Managing Advanced Analytics
The Internet of Things (IoT) produces gargantuan volumes of data that need to be analyzed in real time for diagnostic insights. Advanced analytics are essential elements for automation of prescriptive actions for real-time business operations. Cybersecurity is another important use case, one that constantly needs to identify new patterns that signify intruders or threats.
These are mission-critical applications of sophisticated real-time advanced analytics. Instant IT supports them with more than the development environment described above. Analytic models need to be monitored to ensure they operate as expected. Every analytic was developed using data at a period in time but changing business dynamics can alter the mix of variables, which may change the effectiveness of the analytic.
Machine learning analytics rely on analyzing patterns and making inferences. Machine learning analytics can be made to be self-adjusting but that does not mean they will be effective over time. Every analytic needs to have a target level of effectiveness and must be monitored to see whether it is achieved. And this needs to be automated when an analytic is put into operation.
Therefore, advanced analytics need to be managed, governed, monitored, and controlled, which must be part of the analytics development and automation process. Management, governance, and control are provided as part of Instant IT® Business Design.
Advanced analytics are finding their way into almost every business, unfortunately as the responsibility of individual groups of data scientists or data analysts. This approach is the analytics version of operational silos. Artificial intelligence, when it gets here, needs a holistic view data and information.
What makes artificial intelligence different from advanced analytics is AI’s use of knowledge representation, language processing, reasoning, and more. These are extensions in breadth and scope of advanced analytic methods used in diagnostics and prescriptive analytics, machine and deep learning, and automation.
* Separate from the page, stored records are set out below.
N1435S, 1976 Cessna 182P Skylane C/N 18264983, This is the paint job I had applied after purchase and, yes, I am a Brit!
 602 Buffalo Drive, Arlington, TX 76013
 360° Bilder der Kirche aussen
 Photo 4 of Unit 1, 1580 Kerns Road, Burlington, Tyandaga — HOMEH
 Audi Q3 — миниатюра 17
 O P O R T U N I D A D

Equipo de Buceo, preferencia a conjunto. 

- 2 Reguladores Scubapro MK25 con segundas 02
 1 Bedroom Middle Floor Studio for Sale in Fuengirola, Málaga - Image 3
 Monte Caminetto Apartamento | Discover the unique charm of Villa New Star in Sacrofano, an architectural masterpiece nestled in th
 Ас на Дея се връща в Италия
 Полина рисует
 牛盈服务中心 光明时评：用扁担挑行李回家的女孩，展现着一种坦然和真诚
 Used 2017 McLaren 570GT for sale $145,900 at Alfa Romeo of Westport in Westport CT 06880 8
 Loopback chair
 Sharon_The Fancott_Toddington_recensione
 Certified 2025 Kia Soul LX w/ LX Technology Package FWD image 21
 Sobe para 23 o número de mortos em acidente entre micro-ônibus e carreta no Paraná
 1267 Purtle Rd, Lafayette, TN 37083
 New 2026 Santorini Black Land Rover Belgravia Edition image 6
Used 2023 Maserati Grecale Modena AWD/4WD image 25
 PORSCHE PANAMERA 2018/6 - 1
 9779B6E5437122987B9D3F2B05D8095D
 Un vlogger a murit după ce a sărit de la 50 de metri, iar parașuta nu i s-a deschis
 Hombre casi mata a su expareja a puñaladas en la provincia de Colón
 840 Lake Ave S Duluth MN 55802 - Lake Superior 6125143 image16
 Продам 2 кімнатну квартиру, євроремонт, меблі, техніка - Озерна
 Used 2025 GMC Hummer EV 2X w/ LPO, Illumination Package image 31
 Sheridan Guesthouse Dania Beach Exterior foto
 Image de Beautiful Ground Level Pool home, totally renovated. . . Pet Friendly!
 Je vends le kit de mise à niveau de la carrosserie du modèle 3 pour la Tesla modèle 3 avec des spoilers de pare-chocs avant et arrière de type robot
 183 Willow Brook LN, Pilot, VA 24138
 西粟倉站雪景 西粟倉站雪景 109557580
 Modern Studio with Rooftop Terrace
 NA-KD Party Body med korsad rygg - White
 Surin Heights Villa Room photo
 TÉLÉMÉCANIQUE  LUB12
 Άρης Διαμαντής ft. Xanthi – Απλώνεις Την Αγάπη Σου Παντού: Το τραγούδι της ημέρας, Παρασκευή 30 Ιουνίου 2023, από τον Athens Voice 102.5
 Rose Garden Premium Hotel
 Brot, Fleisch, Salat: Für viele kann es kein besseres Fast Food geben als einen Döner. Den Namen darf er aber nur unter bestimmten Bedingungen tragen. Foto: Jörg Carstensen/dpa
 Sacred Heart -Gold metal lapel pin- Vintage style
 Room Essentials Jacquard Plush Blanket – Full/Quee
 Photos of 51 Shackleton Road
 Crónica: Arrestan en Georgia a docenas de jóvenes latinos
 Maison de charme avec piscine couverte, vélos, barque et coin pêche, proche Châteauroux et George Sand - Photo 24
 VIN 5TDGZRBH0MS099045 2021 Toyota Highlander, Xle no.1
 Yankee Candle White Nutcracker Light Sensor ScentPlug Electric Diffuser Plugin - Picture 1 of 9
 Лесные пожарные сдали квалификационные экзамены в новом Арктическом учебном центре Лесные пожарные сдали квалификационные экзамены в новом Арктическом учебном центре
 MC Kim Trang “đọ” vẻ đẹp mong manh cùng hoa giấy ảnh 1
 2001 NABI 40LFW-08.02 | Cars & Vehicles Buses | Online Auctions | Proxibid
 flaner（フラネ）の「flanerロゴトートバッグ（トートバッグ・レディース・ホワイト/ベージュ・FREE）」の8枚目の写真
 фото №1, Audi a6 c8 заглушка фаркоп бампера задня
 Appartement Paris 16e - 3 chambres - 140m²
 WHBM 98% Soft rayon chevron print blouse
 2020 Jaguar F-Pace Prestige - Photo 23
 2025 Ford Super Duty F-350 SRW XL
Developing capabilities with advanced analytics will prepare the organization for AI once it is here. Processing streaming data in real time with advanced analytics and automating process actions, built upon Instant IT® unified data, rules, management, governance, and control will provide a foundation for adding AI capabilities as they become available.
Instant IT® Business Design replaces legacy analytics development with a Business Analytics Manager where the design, development, and deployment of analytics as business assets are the central focus. Instant IT® Business Design also provides unparalleled rigor in operational business process actions and analytic objects — all of which is needed for effective operational and automated analytics.
Instant IT® Business Design captures digital business metadata that fully describes the organizational, operational, and analytic aspects of the business. This business metadata is the basis for IT automation of application and analytics development that supports consistent data and rules.